Virtual private networks, or VPNs, are designed to keep users’ data protected from surveillance, but whether they do what they claim is of utmost importance to those whose lives can depend on their effectiveness. The ability of VPNs to protect users also inspires the research of Jedidiah Crandall, an associate professor of computer science at Arizona State University.
Crandall explains that VPNs conceal your internet protocol, or IP, address by linking it to a different server than your own and making it seem as though you’re accessing the internet outside of your normal network.
“VPNs were originally designed to get into a secure network, but companies have repurposed them so you can escape a restrictive internet service provider that you don’t trust and access a free and safe one instead,” Crandall says. “So, the way that people use VPNs today is kind of backwards.”
Crandall notes that this access is helpful when users are worried about their browsing data being monitored though their internet service provider, or ISP, or when users are in a country that censors their internet content.
Resources like OpenVPN, a leading global private network and cybersecurity company, and the most popular resource for commercial VPN services, boast access to tools that quickly and easily connect to private networks and safeguard assets. But Crandall’s research aims to debunk claims of privacy and expose whether VPNs may create a false sense of security for their users.
“We’re really just asking fundamental questions like ‘When you repurpose VPNs in this way, do they actually have the security properties that people expect?’,” he says, reiterating his work’s focus on at-risk users who face severe consequences from censorship and surveillance policies. “The first part of the research we did was looking at the VPN tunnel itself, which is an encrypted tunnel between the VPN server and the client, to see what kind of damage attackers can do from there.”
To discover how attacks can be made, Crandall and a group of researchers simulated a series of attacks from two potential threat paths: client-side, or direct attacks on the user’s devices, and server-side, or attacks on the VPN server accessed by the user’s device.
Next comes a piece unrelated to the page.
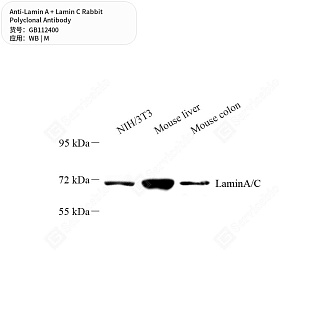 Антитела первичные, поликлональные кролика к Lamin A + Lamin C мыши, 50 мкл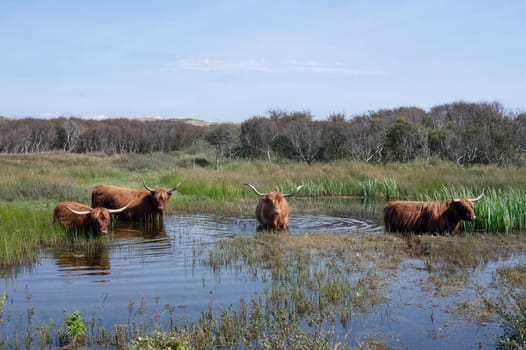 Scottish Highland cattle stand in  the water on the shore of a small lake in the dune hinterland in a nature reserve near Egmond aan Zee in the Netherlands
The group detailed their findings in a paper titled “Blind In/On-Path Attacks and Applications to VPNs.”
The team concluded that traffic can still be attacked from the tunnel in the same ways as if a VPN were not being used, with attackers able to redirect connections and serve malware from which users believe a VPN protects them.
Now looking at the threat of an attack as possible and not just hypothetical, Crandall collaborated with a team of researchers — including experts from the University of Michigan and Merit Network — on a paper titled “OpenVPN is Open to VPN Fingerprinting” for the 2022 USENIX Security Symposium.
The research addresses how VPN adoption has seen steady growth due to increased public awareness of privacy and surveillance threats and how some governments are attempting to restrict access by identifying connections using deep packet inspection, or DPI, technology, which is commonly used for online eavesdropping and censorship.
The researchers’ efforts won the symposium’s Distinguished Paper Award and first place for the 2022 Internet Defense Prize, sponsored by Meta. As part of the prize, Meta awarded the team $110,000 to continue their research.
“A lot of the credit goes to the team at the University of Michigan, who really spearheaded this research,” Crandall says. “A big part of this work is trying to set the standards of how to bring together different stakeholders so that everyone, from the VPN providers to the users, has the same expectations. But we’re also trying to define what those expectations should be.”
Crandall, his University of Michigan research partner, Roya Ensafi, and Michael Kallitsis of Merit secured a grant of $1.2 million from the National Science Foundation to further their broader research of the VPN ecosystem as a whole. This grant enables them to devote attention to aspects of VPN security and privacy that are in practice but remain severely understudied and unvetted.
“For people around the world, there can be a lot at stake when VPN providers market with false claims about their services. Our research exposed how VPN-based services, including ones marketing thier VPN service as 'invisible' or 'unblockable' can be effectively blocked with little collateral damage,” says Ensafi, an assistant professor of electrical engineering and computer science. “Jed is one of the leading internet censorship researchers who has been focusing on network interference since 2005, so he has been instrumental in moving this research forward.”